February 2026: both companies denied market speculation
The May 23, 2026 SPA comes after public clarifications earlier in the year that addressed market speculation. Bliss GVS Pharma issued a clarification regarding a CNBC Awaaz news item dated February 13, 2026 that speculated about a potential acquisition. Bliss GVS said the report appeared speculative and did not originate from any official communication or confirmation by the company. It also stated that, as of that filing date, no decision or arrangement had been crystallized, finalized, or approved by the promoters in relation to the news item. Separately, Anupam Rasayan India Limited also issued a formal clarification on February 13, 2026, stating that no such material event or information existed that warranted disclosure and that it did not wish to comment further on unsubstantiated speculation.
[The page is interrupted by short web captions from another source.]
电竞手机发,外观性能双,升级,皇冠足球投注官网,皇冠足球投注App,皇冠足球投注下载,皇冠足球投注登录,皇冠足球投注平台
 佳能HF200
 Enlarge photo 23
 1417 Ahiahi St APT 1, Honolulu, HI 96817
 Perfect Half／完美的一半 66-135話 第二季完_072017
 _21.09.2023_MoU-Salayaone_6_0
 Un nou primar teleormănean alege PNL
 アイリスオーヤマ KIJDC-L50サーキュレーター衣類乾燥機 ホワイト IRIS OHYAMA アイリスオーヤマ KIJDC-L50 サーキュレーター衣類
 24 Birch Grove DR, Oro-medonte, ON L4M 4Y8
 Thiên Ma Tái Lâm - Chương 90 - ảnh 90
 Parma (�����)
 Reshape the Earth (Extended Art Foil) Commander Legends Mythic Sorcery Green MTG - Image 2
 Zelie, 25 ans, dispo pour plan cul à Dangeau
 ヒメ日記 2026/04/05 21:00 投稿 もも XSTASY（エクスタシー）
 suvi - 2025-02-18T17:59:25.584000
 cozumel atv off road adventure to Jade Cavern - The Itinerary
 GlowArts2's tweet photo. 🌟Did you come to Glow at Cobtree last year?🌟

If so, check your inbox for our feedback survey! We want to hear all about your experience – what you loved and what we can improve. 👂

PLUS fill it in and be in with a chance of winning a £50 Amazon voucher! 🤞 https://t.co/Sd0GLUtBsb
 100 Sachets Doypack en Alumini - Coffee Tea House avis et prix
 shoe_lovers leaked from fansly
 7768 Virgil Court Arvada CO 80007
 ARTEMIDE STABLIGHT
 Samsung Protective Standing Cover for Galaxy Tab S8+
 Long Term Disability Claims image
What Bliss GVS Pharma does
Bliss GVS Pharma Limited is engaged in developing, manufacturing, and marketing pharmaceutical formulations. Its product categories include pharma products, other healthcare products, and therapeutic index. The provided excerpt does not include segment-wise financials, plant locations, or export details, but it establishes the company’s operating domain and product breadth at a high level. This context matters because the transaction is a change-of-control event in a formulation-focused pharmaceutical company.
Key facts table
Market impact and why the disclosures matter
From a market-structure standpoint, a 43.30% acquisition accompanied by a mandatory open offer is a high-significance event for minority shareholders. The disclosed structure lays out two distinct routes for ownership change: the negotiated block purchase under the SPA, and the regulated open offer process for public shareholders. The filing also flags optionality through a call option, which is relevant because it can change the eventual holding level if exercised. Separately, the February 13 clarifications highlight how the companies handled media reports and investor communication under Regulation 30 of SEBI (Listing Obligations and Disclosure Requirements) Regulations, 2015. The shift from “speculative” reports in February to a signed SPA in May underlines the importance of relying on stock exchange filings for confirmed developments.
Conclusion
Anupam Rasayan’s May 23, 2026 SPA to acquire 43.30% of Bliss GVS Pharma at ₹299 per share values the block deal at about ₹1,369.51 crore and triggers a mandatory open offer for 26% under SEBI’s takeover rules. The transaction remains subject to regulatory approvals, and SBI Capital Markets is the appointed manager for the open offer process.